Step 1: Understanding the Concept:
An oxidizing agent gets reduced during a chemical reaction. A compound tends to act as a strong oxidizing agent when its central metal atom is in a highly unstable maximum oxidation state.
Step 2: Key Formula or Approach:
Determine the oxidation state of each metal and assess its relative stability based on its position in the d-block groups. Heavier transition metals stabilize higher oxidation states better than lighter ones.
Step 3: Detailed Explanation:
1. Chromium (VI) compounds: In $CrO_{3}$, $CrO_{4}^{2-}$, and $Cr_{2}O_{7}^{2-}$, Chromium is in its highest group oxidation state ($+6$). In the first transition series (3d), this $+6$ state is quite unstable and eagerly accepts electrons to reduce to the stable $Cr^{3+}$ state, making these species very strong oxidizing agents.

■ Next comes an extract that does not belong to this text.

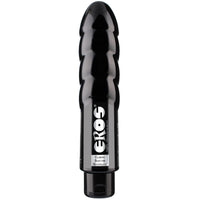 EROS - CLASSIC SILICONE BODYGLIDE LUBRIFICANTE A BASE DI SILICONE 175 ML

2. Molybdenum (VI) compound: Molybdenum is in the same group as Chromium but in the second transition series (4d). A key trend in the d-block is that heavier elements form much more stable higher oxidation states compared to the 3d elements. Therefore, $MoO_{3}$ (where Mo is $+6$) is thermodynamically very stable and does not readily act as an oxidizing agent.
Step 4: Final Answer:
$MoO_{3}$ will not act as a typical oxidizing agent under normal conditions compared to the Cr(VI) species.